***** DATA SECTION *****

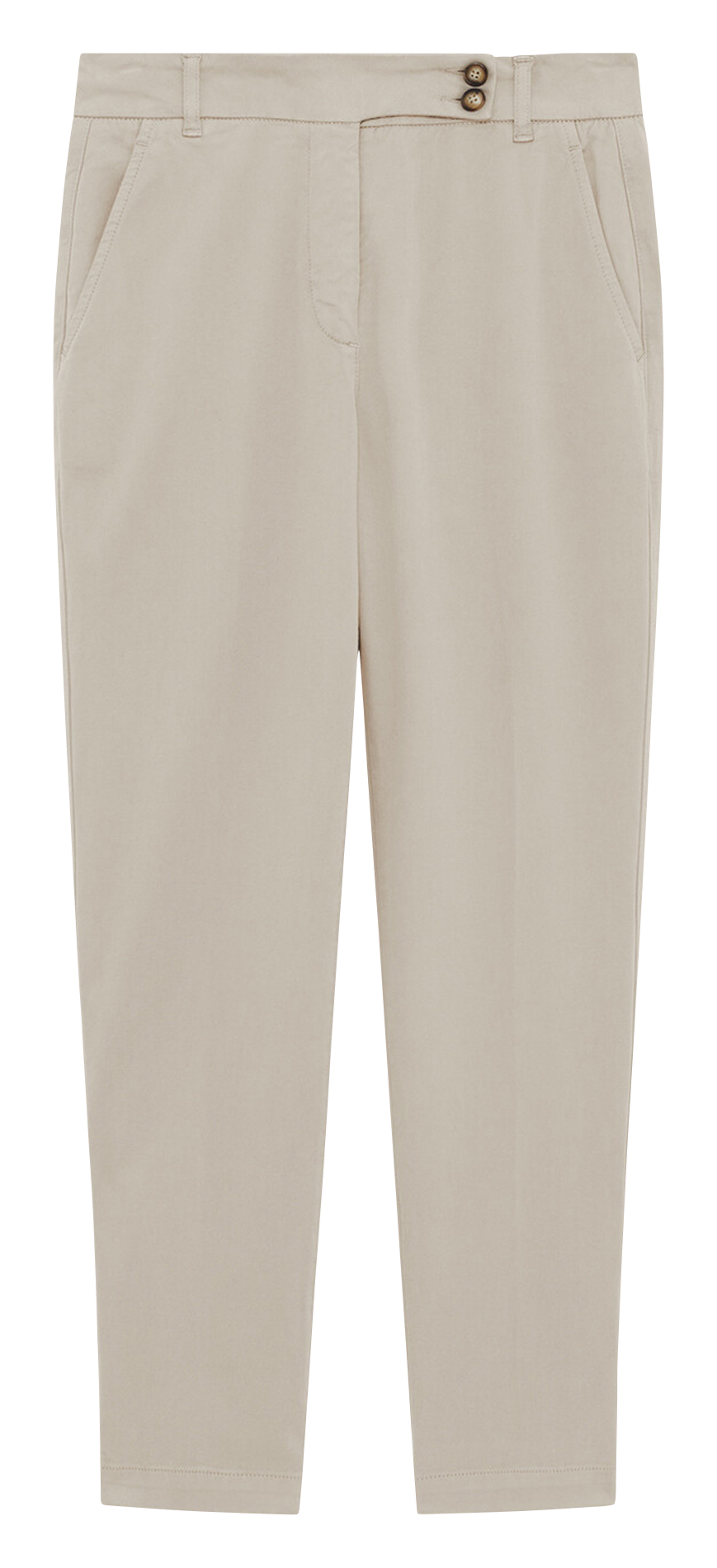 Cotton-mix slim trousers CAROLL Grey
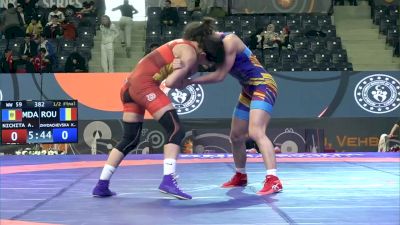 59 kg Semifinal - Anastasia Nichita, MDA vs Kateryna Zhadachevska, ROU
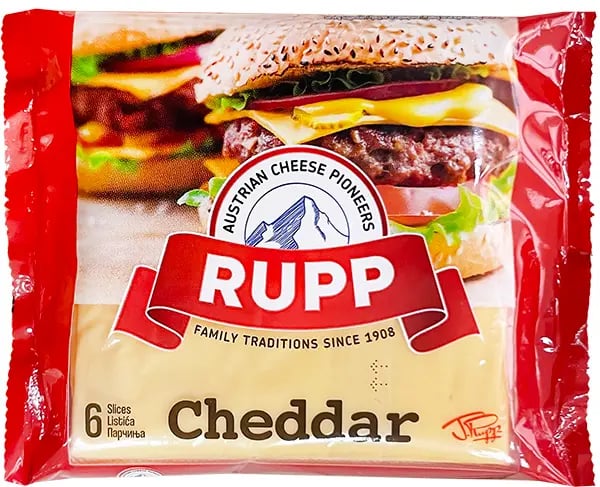 Rupp Lisnati sir Cheddar 120g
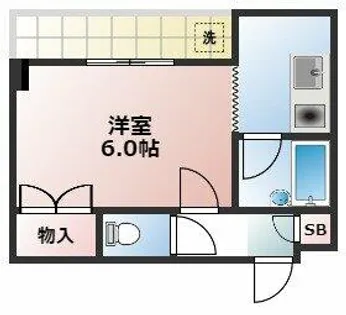 アスカマンション【501号室】の間取り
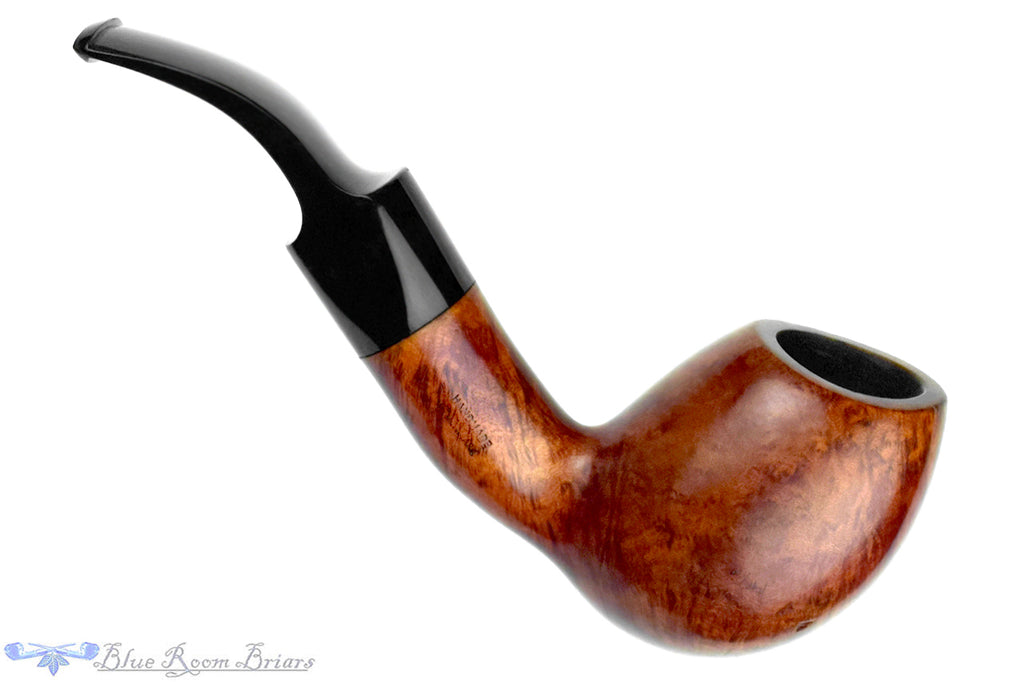 Bari Wiking Handmade 7092 1/4 Bent Egg Estate Pipe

*****

- [THE PROBLEM]: Your copy should hold only the lines from the line with "59 kg Semifinal" through the end of the data above, both ends included, transcribed exactly and without pictures.

- [RESPONSE TO THE EXERCISE]:
 59 kg Semifinal - Anastasia Nichita, MDA vs Kateryna Zhadachevska, ROU
 Rupp Lisnati sir Cheddar 120g
 アスカマンション【501号室】の間取り
 Bari Wiking Handmade 7092 1/4 Bent Egg Estate Pipe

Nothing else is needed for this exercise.